Draft Proposal: Establish a dedicated "NIST Mode" for easing compliance

[apmarshall]

Description

This PR introduces a new variable, nist_mode, which, when set to true overrides other variables within the module to guarantee certain values for compliance purposes.

For this KMS module, the impact is fairly trivial, but it demonstrates the concept. For a more complex implementation, see this PR for the S3 Bucket module: terraform-aws-modules/terraform-aws-s3-bucket#275

Motivation and Context

There are some environments, especially those in the government space, where adherence to NIST SP 800-53 standards is required. Rather than creating separate modules that enforce these requirements, this allows users in those environments to continue using these community supported modules by setting a single variable to ensure compliance requirements are met.

Breaking Changes

This should not introduce any breaking changes to uses who do not enable nist_mode. The default for nist_mode is set to false, which means that the module should continue to perform exactly as it currently does for users who have not enabled nist_mode. Enabling nist_mode overrides certain variables, as documented in the README, which could result in breaking changes for module implementations that would have been out of compliance before setting nist_mode to true.

How Has This Been Tested?

• I have updated at least one of the examples/* to demonstrate and validate my change(s)
• I have tested and validated these changes using one or more of the provided examples/* projects

• I have executed pre-commit run -a on my pull request

[bryantbiggs]

thank you for the PR, but unfortunately I don't think this is necessary. On one hand, we already default to rotating keys

terraform-aws-kms/variables.tf

Line 56 in 22226b6

default = true

But more importantly, I don't know that its appropriate for us to say that something is or is not compliant per a standard or specification. We always try to default to a preferred/recommended posture, but ultimately its up to users to chose based on their requirements. - cc @antonbabenko

[antonbabenko]

I agree that this PR is unnecessary for the same reasons as @bryantbiggs said. It is always up to users to provide the values they want to become compliant-ready.

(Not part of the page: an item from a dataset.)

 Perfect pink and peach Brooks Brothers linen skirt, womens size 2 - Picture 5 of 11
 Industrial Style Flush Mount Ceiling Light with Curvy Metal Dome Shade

PS: My project https://compliance.tf is in development. It aims to help people like @apmarshall

[github-actions]

I'm going to lock this pull request because it has been closed for 30 days ⏳. This helps our maintainers find and focus on the active issues. If you have found a problem that seems related to this change, please open a new issue and complete the issue template so we can capture all the details necessary to investigate further.